START Data to examine
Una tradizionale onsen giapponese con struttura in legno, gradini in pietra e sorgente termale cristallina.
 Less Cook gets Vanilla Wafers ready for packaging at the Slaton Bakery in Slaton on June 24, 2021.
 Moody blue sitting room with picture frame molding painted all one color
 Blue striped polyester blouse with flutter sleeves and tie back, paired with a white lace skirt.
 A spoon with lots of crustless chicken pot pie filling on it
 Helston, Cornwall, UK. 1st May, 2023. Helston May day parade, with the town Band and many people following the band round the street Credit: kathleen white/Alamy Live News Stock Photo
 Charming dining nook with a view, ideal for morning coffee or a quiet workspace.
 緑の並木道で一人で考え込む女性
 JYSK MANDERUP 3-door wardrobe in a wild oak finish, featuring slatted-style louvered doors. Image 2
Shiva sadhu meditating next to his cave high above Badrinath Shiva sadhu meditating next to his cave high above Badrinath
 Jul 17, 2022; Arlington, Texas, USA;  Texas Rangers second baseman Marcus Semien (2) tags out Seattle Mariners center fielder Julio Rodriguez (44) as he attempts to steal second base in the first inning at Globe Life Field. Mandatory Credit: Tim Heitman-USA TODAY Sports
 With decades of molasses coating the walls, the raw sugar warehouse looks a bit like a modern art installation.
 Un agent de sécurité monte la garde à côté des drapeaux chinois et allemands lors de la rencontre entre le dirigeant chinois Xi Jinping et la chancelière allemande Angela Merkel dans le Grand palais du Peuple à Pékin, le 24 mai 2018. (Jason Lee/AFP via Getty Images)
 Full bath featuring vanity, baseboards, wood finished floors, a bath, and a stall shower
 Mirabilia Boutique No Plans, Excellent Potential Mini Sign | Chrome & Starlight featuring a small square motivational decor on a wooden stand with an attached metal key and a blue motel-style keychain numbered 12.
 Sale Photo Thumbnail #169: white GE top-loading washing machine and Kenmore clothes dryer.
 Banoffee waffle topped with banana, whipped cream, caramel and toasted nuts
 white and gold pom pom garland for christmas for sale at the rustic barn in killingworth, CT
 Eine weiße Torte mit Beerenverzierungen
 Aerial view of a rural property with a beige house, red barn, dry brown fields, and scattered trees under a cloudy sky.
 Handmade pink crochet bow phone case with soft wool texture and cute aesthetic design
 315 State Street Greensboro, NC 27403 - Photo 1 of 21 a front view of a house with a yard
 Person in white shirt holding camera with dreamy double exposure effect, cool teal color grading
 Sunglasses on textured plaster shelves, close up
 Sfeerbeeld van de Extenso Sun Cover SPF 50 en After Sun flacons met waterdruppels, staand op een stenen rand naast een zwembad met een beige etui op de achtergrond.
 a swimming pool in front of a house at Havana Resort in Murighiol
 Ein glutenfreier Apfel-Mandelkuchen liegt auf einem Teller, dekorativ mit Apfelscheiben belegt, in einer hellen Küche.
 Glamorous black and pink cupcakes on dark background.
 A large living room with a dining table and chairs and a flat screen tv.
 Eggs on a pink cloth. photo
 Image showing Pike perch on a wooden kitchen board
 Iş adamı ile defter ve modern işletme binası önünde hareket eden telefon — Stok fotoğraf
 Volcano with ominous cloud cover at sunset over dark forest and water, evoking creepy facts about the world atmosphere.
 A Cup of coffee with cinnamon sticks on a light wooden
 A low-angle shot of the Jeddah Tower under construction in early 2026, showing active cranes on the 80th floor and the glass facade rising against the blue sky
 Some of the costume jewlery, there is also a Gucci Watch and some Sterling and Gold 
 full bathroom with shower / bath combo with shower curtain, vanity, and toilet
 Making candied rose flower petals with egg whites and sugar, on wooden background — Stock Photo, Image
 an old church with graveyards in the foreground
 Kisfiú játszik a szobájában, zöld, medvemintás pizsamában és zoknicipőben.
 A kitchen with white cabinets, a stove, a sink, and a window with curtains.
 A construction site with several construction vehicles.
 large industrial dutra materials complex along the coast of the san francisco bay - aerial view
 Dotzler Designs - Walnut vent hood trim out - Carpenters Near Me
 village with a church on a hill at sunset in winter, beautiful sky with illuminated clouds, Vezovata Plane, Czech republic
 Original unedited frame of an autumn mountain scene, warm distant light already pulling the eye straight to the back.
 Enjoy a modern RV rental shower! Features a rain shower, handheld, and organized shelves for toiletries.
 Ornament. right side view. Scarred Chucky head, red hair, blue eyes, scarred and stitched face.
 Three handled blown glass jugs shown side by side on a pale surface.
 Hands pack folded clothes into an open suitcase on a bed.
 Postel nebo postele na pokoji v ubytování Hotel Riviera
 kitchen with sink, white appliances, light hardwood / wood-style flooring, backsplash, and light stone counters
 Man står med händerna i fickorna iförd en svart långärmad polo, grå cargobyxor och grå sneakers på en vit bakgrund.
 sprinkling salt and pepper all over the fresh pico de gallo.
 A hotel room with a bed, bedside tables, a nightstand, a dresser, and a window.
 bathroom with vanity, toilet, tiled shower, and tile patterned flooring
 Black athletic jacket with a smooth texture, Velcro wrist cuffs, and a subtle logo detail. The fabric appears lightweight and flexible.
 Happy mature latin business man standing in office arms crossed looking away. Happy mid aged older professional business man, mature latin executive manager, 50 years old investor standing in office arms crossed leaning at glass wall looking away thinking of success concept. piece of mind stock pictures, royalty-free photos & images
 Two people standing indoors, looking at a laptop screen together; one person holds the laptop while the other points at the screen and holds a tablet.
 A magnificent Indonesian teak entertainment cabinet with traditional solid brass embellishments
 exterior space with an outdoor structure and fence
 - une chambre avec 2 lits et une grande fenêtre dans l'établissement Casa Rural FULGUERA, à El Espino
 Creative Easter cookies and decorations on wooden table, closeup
END Data to examine
• _Problem details_: What is wanted is the complete set of entries, returned verbatim.

• _Written reply_:
Una tradizionale onsen giapponese con struttura in legno, gradini in pietra e sorgente termale cristallina.
 Less Cook gets Vanilla Wafers ready for packaging at the Slaton Bakery in Slaton on June 24, 2021.
 Moody blue sitting room with picture frame molding painted all one color
 Blue striped polyester blouse with flutter sleeves and tie back, paired with a white lace skirt.
 A spoon with lots of crustless chicken pot pie filling on it
 Helston, Cornwall, UK. 1st May, 2023. Helston May day parade, with the town Band and many people following the band round the street Credit: kathleen white/Alamy Live News Stock Photo
 Charming dining nook with a view, ideal for morning coffee or a quiet workspace.
 緑の並木道で一人で考え込む女性
 JYSK MANDERUP 3-door wardrobe in a wild oak finish, featuring slatted-style louvered doors. Image 2
Shiva sadhu meditating next to his cave high above Badrinath Shiva sadhu meditating next to his cave high above Badrinath
 Jul 17, 2022; Arlington, Texas, USA;  Texas Rangers second baseman Marcus Semien (2) tags out Seattle Mariners center fielder Julio Rodriguez (44) as he attempts to steal second base in the first inning at Globe Life Field. Mandatory Credit: Tim Heitman-USA TODAY Sports
 With decades of molasses coating the walls, the raw sugar warehouse looks a bit like a modern art installation.
 Un agent de sécurité monte la garde à côté des drapeaux chinois et allemands lors de la rencontre entre le dirigeant chinois Xi Jinping et la chancelière allemande Angela Merkel dans le Grand palais du Peuple à Pékin, le 24 mai 2018. (Jason Lee/AFP via Getty Images)
 Full bath featuring vanity, baseboards, wood finished floors, a bath, and a stall shower
 Mirabilia Boutique No Plans, Excellent Potential Mini Sign | Chrome & Starlight featuring a small square motivational decor on a wooden stand with an attached metal key and a blue motel-style keychain numbered 12.
 Sale Photo Thumbnail #169: white GE top-loading washing machine and Kenmore clothes dryer.
 Banoffee waffle topped with banana, whipped cream, caramel and toasted nuts
 white and gold pom pom garland for christmas for sale at the rustic barn in killingworth, CT
 Eine weiße Torte mit Beerenverzierungen
 Aerial view of a rural property with a beige house, red barn, dry brown fields, and scattered trees under a cloudy sky.
 Handmade pink crochet bow phone case with soft wool texture and cute aesthetic design
 315 State Street Greensboro, NC 27403 - Photo 1 of 21 a front view of a house with a yard
 Person in white shirt holding camera with dreamy double exposure effect, cool teal color grading
 Sunglasses on textured plaster shelves, close up
 Sfeerbeeld van de Extenso Sun Cover SPF 50 en After Sun flacons met waterdruppels, staand op een stenen rand naast een zwembad met een beige etui op de achtergrond.
 a swimming pool in front of a house at Havana Resort in Murighiol
 Ein glutenfreier Apfel-Mandelkuchen liegt auf einem Teller, dekorativ mit Apfelscheiben belegt, in einer hellen Küche.
 Glamorous black and pink cupcakes on dark background.
 A large living room with a dining table and chairs and a flat screen tv.
 Eggs on a pink cloth. photo
 Image showing Pike perch on a wooden kitchen board
 Iş adamı ile defter ve modern işletme binası önünde hareket eden telefon — Stok fotoğraf
 Volcano with ominous cloud cover at sunset over dark forest and water, evoking creepy facts about the world atmosphere.
 A Cup of coffee with cinnamon sticks on a light wooden
 A low-angle shot of the Jeddah Tower under construction in early 2026, showing active cranes on the 80th floor and the glass facade rising against the blue sky
 Some of the costume jewlery, there is also a Gucci Watch and some Sterling and Gold 
 full bathroom with shower / bath combo with shower curtain, vanity, and toilet
 Making candied rose flower petals with egg whites and sugar, on wooden background — Stock Photo, Image
 an old church with graveyards in the foreground
 Kisfiú játszik a szobájában, zöld, medvemintás pizsamában és zoknicipőben.
 A kitchen with white cabinets, a stove, a sink, and a window with curtains.
 A construction site with several construction vehicles.
 large industrial dutra materials complex along the coast of the san francisco bay - aerial view
 Dotzler Designs - Walnut vent hood trim out - Carpenters Near Me
 village with a church on a hill at sunset in winter, beautiful sky with illuminated clouds, Vezovata Plane, Czech republic
 Original unedited frame of an autumn mountain scene, warm distant light already pulling the eye straight to the back.
 Enjoy a modern RV rental shower! Features a rain shower, handheld, and organized shelves for toiletries.
 Ornament. right side view. Scarred Chucky head, red hair, blue eyes, scarred and stitched face.
 Three handled blown glass jugs shown side by side on a pale surface.
 Hands pack folded clothes into an open suitcase on a bed.
 Postel nebo postele na pokoji v ubytování Hotel Riviera
 kitchen with sink, white appliances, light hardwood / wood-style flooring, backsplash, and light stone counters
 Man står med händerna i fickorna iförd en svart långärmad polo, grå cargobyxor och grå sneakers på en vit bakgrund.
 sprinkling salt and pepper all over the fresh pico de gallo.
 A hotel room with a bed, bedside tables, a nightstand, a dresser, and a window.
 bathroom with vanity, toilet, tiled shower, and tile patterned flooring
 Black athletic jacket with a smooth texture, Velcro wrist cuffs, and a subtle logo detail. The fabric appears lightweight and flexible.
 Happy mature latin business man standing in office arms crossed looking away. Happy mid aged older professional business man, mature latin executive manager, 50 years old investor standing in office arms crossed leaning at glass wall looking away thinking of success concept. piece of mind stock pictures, royalty-free photos & images
 Two people standing indoors, looking at a laptop screen together; one person holds the laptop while the other points at the screen and holds a tablet.
 A magnificent Indonesian teak entertainment cabinet with traditional solid brass embellishments
 exterior space with an outdoor structure and fence
 - une chambre avec 2 lits et une grande fenêtre dans l'établissement Casa Rural FULGUERA, à El Espino
 Creative Easter cookies and decorations on wooden table, closeup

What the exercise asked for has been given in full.